> **Task requirements**
Go through the entries below and copy each line that holds the word "White".

[Stored data]
==========

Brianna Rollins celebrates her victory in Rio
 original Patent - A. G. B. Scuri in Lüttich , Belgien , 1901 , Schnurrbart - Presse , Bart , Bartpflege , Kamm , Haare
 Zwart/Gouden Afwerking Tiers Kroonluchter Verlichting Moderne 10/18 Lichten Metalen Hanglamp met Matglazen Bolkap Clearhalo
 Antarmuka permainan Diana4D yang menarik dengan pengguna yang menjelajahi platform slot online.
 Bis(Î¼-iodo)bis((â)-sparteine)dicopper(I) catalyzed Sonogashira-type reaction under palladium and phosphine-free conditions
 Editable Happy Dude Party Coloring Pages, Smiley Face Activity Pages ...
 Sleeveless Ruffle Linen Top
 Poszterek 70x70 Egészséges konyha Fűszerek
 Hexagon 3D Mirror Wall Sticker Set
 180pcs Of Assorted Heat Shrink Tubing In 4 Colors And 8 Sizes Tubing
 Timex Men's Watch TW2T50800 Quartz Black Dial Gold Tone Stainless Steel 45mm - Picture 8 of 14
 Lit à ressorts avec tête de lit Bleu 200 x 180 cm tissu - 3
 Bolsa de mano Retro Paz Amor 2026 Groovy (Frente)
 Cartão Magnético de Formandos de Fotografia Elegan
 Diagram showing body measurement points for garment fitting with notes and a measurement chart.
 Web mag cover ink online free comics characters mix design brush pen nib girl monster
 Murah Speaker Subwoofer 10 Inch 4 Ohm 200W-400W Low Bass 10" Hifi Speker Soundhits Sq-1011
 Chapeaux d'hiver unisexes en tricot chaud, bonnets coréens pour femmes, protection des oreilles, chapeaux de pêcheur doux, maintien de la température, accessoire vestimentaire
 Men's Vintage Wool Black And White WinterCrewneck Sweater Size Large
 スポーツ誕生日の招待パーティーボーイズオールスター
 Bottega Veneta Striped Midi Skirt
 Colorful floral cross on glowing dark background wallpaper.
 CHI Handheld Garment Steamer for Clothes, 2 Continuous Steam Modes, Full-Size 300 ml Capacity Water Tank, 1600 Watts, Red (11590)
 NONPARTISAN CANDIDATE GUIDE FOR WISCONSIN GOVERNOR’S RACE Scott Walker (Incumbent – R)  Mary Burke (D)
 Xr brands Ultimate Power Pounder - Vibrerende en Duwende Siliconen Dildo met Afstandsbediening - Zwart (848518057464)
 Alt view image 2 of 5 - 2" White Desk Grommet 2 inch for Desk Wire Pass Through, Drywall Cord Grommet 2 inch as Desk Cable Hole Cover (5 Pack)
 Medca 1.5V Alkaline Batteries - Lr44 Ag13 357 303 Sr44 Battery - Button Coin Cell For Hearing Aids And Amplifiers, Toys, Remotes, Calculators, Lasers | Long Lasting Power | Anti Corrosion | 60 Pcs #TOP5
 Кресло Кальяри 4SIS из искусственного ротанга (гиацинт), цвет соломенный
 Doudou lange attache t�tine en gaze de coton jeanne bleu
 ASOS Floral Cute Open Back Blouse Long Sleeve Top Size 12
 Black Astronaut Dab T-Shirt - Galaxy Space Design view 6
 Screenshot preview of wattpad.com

==========

> **Result for this task**
 Men's Vintage Wool Black And White WinterCrewneck Sweater Size Large
 Alt view image 2 of 5 - 2" White Desk Grommet 2 inch for Desk Wire Pass Through, Drywall Cord Grommet 2 inch as Desk Cable Hole Cover (5 Pack)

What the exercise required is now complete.